■ **Instructions for the task**
In the records below, the part to copy starts at the line containing "Guy walking on a road" and goes to the last line; output it exactly, without pictures.

■ **Task input**
---+---
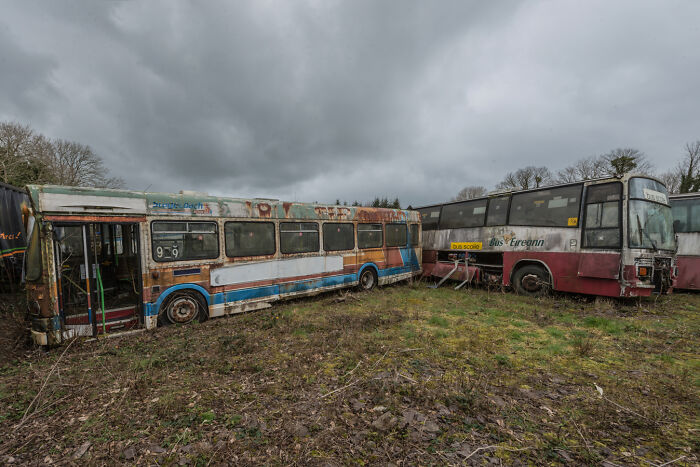 Abandoned Irish ghost buses in a graveyard under a gloomy sky.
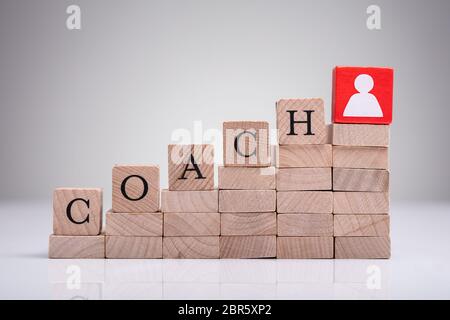 Red Human Figure Block Next To Word Life Coach On Wooden Block Stock Photo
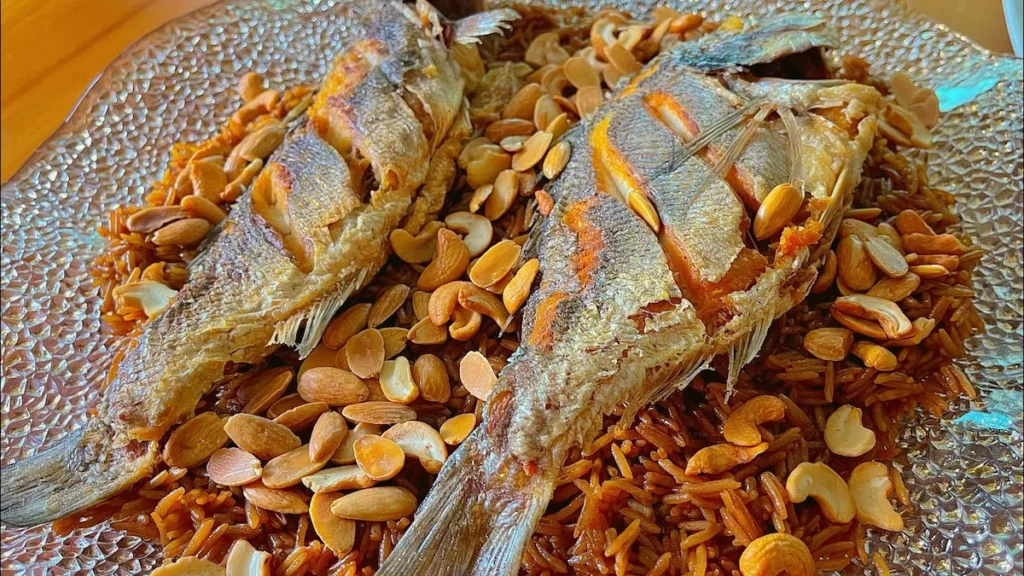 A close-up view of a large platter featuring two whole fried fish served over a generous mound of dark, caramelized onion-spiced rice, topped with a scattering of toasted almonds and cashews.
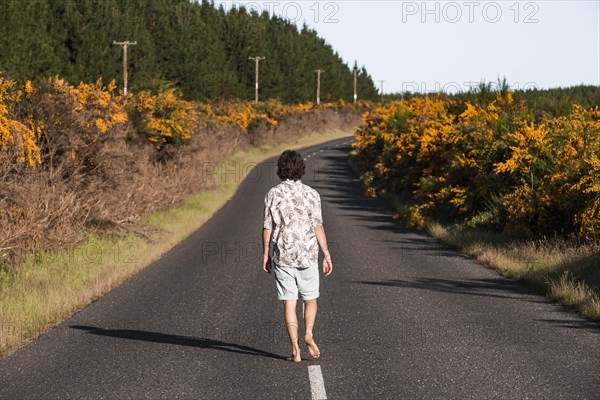Guy walking on a road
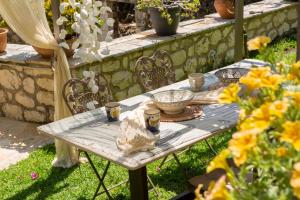 a table with cups and bowls on it in a garden at Kores Villas in Nydri +80 photos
---+---
■ **Exercise answer**
Guy walking on a road
 a table with cups and bowls on it in a garden at Kores Villas in Nydri +80 photos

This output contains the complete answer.